Excerpted from: Chocolate and Zucchini: Daily Adventures in a Parisian Kitchen
Serves 4 as a main course, 6 to 8 as a starter --- easy
When I still worked in an office — before I joined the pajama workforce — I often brought my own lunch. It was a habit I had formed when I lived in the States and this was a widespread custom: I would join my coworkers in the bright orange company kitchen, and we would munch on our respective meals over a game of Boggle (I never once won, but it did enrich my English vocabulary with three– and four–letter words).
At my French office it was less common, and most of my colleagues walked to a nearby bistro for the plat du jour. This was quite pleasant and I joined them from time to time to catch up on office gossip, but for reasons of nutrition, cost, and variety, I still enjoyed putting together my little picnic in the morning.
In the summer, I liked to pack colorful salads and escape to the nearby Parc Montsouris at lunchtime.

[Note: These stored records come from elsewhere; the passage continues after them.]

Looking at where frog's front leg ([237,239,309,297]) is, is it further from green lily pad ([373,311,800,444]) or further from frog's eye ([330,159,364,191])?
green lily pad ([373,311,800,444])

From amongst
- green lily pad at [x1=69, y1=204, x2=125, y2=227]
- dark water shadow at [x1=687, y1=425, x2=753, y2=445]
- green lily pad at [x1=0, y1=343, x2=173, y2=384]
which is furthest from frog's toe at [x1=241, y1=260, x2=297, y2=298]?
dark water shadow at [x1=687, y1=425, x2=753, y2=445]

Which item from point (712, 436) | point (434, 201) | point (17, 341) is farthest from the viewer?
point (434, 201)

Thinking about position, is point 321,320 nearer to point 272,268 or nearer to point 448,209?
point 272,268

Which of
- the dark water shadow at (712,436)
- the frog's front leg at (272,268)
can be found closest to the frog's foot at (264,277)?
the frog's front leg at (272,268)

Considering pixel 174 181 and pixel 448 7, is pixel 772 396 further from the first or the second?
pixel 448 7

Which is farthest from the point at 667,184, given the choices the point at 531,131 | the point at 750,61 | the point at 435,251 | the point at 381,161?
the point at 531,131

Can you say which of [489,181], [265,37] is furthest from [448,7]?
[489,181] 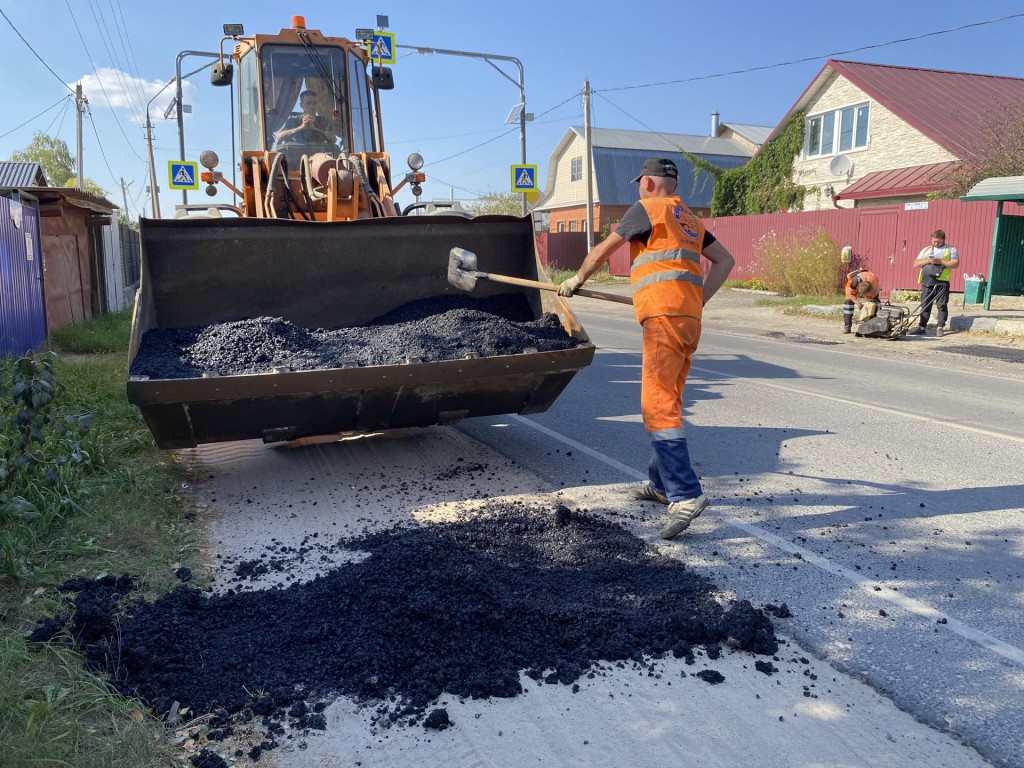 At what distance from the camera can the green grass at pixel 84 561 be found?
2.42 metres

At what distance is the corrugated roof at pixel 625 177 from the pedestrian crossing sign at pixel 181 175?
94.1ft

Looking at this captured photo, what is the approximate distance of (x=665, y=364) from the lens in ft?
14.2

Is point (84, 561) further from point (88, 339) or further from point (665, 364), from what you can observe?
point (88, 339)

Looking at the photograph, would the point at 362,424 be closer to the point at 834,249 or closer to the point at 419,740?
the point at 419,740

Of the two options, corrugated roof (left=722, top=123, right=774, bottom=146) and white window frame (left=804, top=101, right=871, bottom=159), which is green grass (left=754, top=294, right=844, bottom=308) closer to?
white window frame (left=804, top=101, right=871, bottom=159)

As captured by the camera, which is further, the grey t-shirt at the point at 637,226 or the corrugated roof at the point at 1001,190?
the corrugated roof at the point at 1001,190

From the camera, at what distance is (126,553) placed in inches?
155

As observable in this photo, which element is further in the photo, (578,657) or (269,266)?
(269,266)

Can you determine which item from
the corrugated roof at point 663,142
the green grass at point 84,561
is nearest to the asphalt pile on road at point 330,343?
the green grass at point 84,561

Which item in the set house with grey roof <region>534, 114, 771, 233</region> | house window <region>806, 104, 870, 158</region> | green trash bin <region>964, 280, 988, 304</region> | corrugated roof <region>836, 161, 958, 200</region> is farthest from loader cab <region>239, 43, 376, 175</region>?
house with grey roof <region>534, 114, 771, 233</region>

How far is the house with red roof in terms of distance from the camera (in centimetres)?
2295

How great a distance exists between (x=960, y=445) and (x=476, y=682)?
4769 mm

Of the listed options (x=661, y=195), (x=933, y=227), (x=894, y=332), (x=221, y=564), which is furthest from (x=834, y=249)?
(x=221, y=564)

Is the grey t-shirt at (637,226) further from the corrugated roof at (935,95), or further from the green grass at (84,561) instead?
the corrugated roof at (935,95) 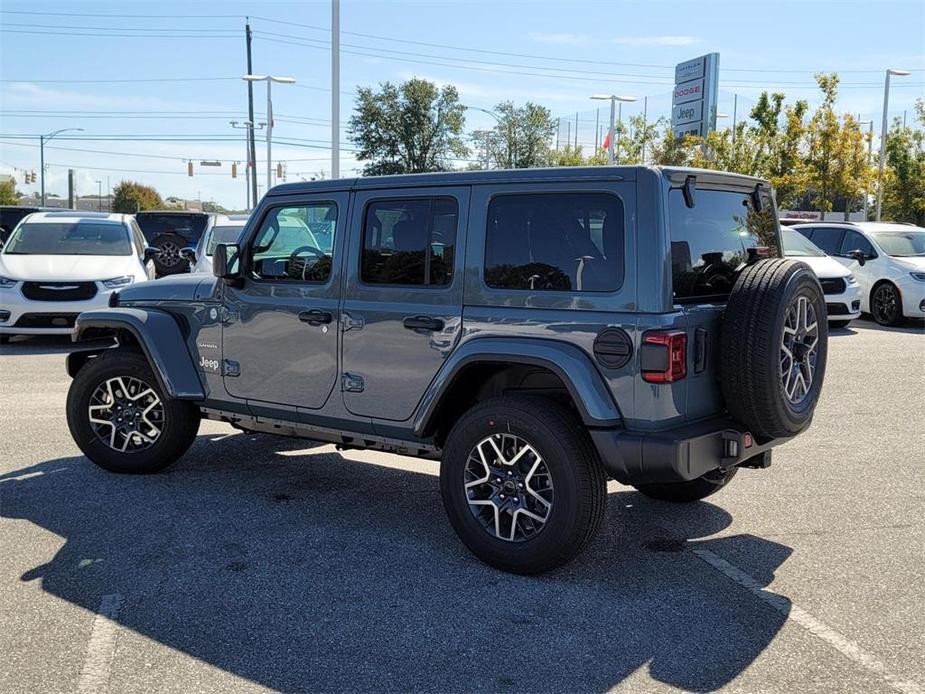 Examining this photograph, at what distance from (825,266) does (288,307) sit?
11.1 metres

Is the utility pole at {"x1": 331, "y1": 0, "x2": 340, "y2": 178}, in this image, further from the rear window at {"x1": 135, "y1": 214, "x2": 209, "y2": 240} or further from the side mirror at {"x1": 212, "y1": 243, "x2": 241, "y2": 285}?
the side mirror at {"x1": 212, "y1": 243, "x2": 241, "y2": 285}

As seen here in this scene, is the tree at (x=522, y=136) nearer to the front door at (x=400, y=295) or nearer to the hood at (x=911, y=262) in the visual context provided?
the hood at (x=911, y=262)

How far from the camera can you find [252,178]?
53375mm

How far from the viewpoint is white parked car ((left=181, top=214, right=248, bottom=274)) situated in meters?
13.9

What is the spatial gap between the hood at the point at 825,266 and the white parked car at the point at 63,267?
9.75m

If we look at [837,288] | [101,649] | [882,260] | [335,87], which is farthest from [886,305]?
[335,87]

As I entered the park I would pass by a gastronomic restaurant set in a handsome pavilion and pore over the daily menu in lieu of an appetizer. I would walk on to sit by the little lake, where a handful of ducks swam about, in the vague hope that someone might throw stale bits of baguette their way.
A fork in my right hand, a book in the left, and the container of salad propped up against me with my left wrist — a technique that took years to refine — I would dig in happily, comfortable in my delicious solitude. And after a little post–lunch walk I would return to the office, refreshed and sated.
This salad is a staple from those days, and I still prepare it now for quick lunches, simple dinners, or party buffets. It is an excellent use for leftover roasted chicken, which I like to buy at a rotisserie on rue des Abbesses, where the farm-raised chickens are plump and delectable, and where the lady looks strikingly like the famous French actress Marie–Anne Chazel.
• 3 ripe yellow peaches, about 7 ounces each (substitute yellow nectarines)
• 3 tablespoons hazlenut oil (substitute walnut oil or extra virgin olive oil)
• 2 tablespoons balsamic vinegar
• 1 pound cooked chicken meat cut into strips, from a store-bought rotisserie chicken or a home-roasted chicken, about 3 cups
• 2/3 cup shelled hazlenuts, toasted, husked, and roughly chopped
• 1/2 cup (loosely packed) fresh cilantro leaves (substitute fresh flat-leaf parsley leaves)
• Fine sea salt and freshly ground pepper
• 8 cups (packed) baby spinach leaves, about 8 ounces
1. Peel the peaches: this is easier if you blanch them first by putting them in a pan of simmering water for a minute. (If you use nectarines, it is unnecessary to peel them.)
2. In a medium salad bowl, whisk together the oil and vinegar. Add the chicken, peaches, hazelnuts, and cilantro. Season with salt and pepper, and toss to coat. Add the spinach leaves and toss again. Taste and adjust the seasoning. Serve immediately, or refrigerate for up to a day; it gets better as it sits. Remove from the fridge half an hour before eating.
NOTE If you prepare the salad in advance, the vinegar will wilt the greens a little. It will still taste good, but may not look as presentable: if you make it ahead for company, add the spinach at the last minute.
VARIATION Use fresh (or dried) apricots and almonds instead of peaches and hazelnuts.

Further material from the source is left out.